Privacy-Enhancing Technologies: Masking, Tokenization, and De-identification
Part 3 introduced PETs as governance decisions. Part 6 showed Meridian evaluating them. This article explains how each technique actually works: static and dynamic masking, vault-based and format-preserving tokenization, and the k-anonymity family of de-identification methods.
Data Privacy Guide: Overview | Part 1 | Part 2 | Part 3 | Part 4 | Part 5 | Part 6 | Part 7 | Part 8 | Part 9 | Part 10
This is Part 7 of a three-part advanced series on Privacy-Enhancing Technologies. Part 3 introduced PETs as governance decisions. Part 6 showed Meridian evaluating them. This series explains how each technique works. Part 7 covers operational techniques. Part 8 covers differential privacy and synthetic data. Part 9 covers privacy-preserving computation and the explainability-privacy tension.
This part covers techniques most Data Architects have encountered in practice. If you have worked with data masking or tokenization, much of this will be familiar. The new depth is in the k-anonymity family and its limitations.
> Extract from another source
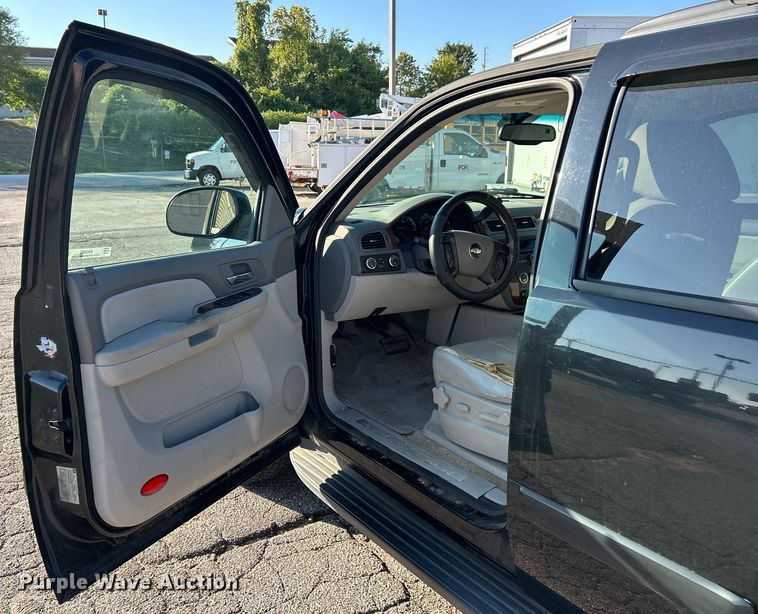 image for item EK3388 2008 Chevrolet  Tahoe  SUV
From Governance Decisions to Technical Depth
Part 3 of this guide introduced PETs in a table: differential privacy, federated learning, synthetic data, homomorphic encryption. Part 6 showed Meridian Analytics evaluating each one, adopting differential privacy, rejecting federated learning, and deferring homomorphic encryption. Those were governance decisions. This article provides the technical depth behind them.
The question shifts from “which PET should we adopt?” to “how does each technique actually work, and where does it break down?”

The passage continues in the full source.